Tête provenant d’une statue

Égypte > provenance inconnue

Basse Époque, ou antérieur ? > indéterminé

[VOIR CHONOLOGIE]

Grès silicifié ?

H. 15, 7 cm ; Largeur : 14,4 cm ; P. 16,6 cm

Co. 5578

Comment

State of preservation

Assez mauvais. Cette tête de roi provient d’une statue brisée, dont il demeure difficile de restituer l’apparence originelle complète. Le nez a disparu et seul le négatif en est encore visible. Une partie de la coiffure est absente. La statue est également assez érodée, rendant les détails du visage et les différents modelés peu lisibles.

Description

La tête du souverain est drapée d’un nemes, au centre duquel se dresse un uraeus qui s’allonge le long de son crâne. Cette coiffe royale est omniprésente dans l’iconographie égyptienne, tout au long de l’époque pharaonique de l’Ancien Empire à l’époque romaine. Du fait du mauvais état de conservation, aucun détail de la coiffe ne peut être observé.

De larges oreilles, imposantes et bien détaillées, se détachent du nemes et encadrent un visage massif, relativement carré. Malgré l’érosion du visage, il est possible de distinguer les sourcils légèrement arqués, qui se confondent avec l’arcade sourcilière jusqu’à la naissance du nez. Ce dernier, bien que très grandement détérioré, semble avoir été large et même épaté. Les yeux, en légère saillie, sont plutôt petits et enserrés par de lourdes paupières. La bouche est symétrique et très horizontale, mais aux lèvres larges, accentuées par de larges commissures.

 

En l’absence d’inscription, il demeure bien difficile de dater cette tête de roi.
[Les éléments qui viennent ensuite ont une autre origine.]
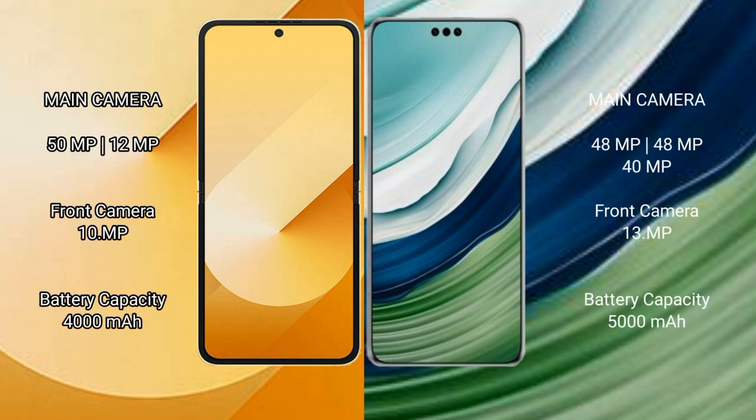Samsung Galaxy Z Flip 6 features a rear dual camera setup: 50MP main plus 12MP, and a 10MP front camera. Huawei Mate 60 Pro Plus features a rear triple camera setup: 48MP plus 48MP plus 40MP, and a 13MP front camera.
Elle a été attribuée à la Basse Époque par Jack A. Josephson (1997, p. 162), mais pourrait également être plus ancienne. Plusieurs parallèles sont à noter avec la statuaire de la Troisième Période intermédiaire, notamment celle d’Osorkon Ier (MYSLIWIEC 1988, pls. XVII et XVIII). Quelques remarques stylistiques peuvent être émises, malgré le mauvais état de conservation de l’objet. L’aspect massif du visage ou encore la représentation peu ondulée du corps de l’uraeus distinguent la tête Co. 5578 des représentations de rois de la XXVIe dynastie (PERDU 2012, p. 192-193, n°95). De même, l’absence du double uraeus semble exclure une datation à la XXVe dynastie.

Inscription

Anépigraphe

Historic

Acquis par Rodin entre 1893 et 1913.

Boreux 1913 : "Meudon, Objets non en vitrine, salle des antiques, 543 Tête royale coiffée du claft et de l'uraeus. La matière en est très usée, le nez manque complètement, ainsi qu'un morceau de la partie droite du crâne. Grès. Haut. 16 cent. environ. Estimée deux cent francs."

Donation Rodin à l'État français 1916.

Historic comment

La tête était exposée en 1913 dans la salle des antiques à Meudon et ne semblait pas faire partie des œuvres choisies pour le futur musée à l’hôtel Biron.

 

Elle fut déposée en 1933 au musée du Louvre où elle reçut le numéro E. 15549 et fut ainsi décrite par Charles Boreux dans l’Inventaire des monuments égyptiens transmis par le musée Rodin au département des antiquités égyptiennes (musée du Louvre) : « 5 – Tête en grès rouge cristallin, portant une coiffure ornée d’un ureus. Epoque de Nectabo ( ?). Haut. 0m26. ». L’œuvre revint au musée Rodin en 1967 pour l’exposition Rodin collectionneur.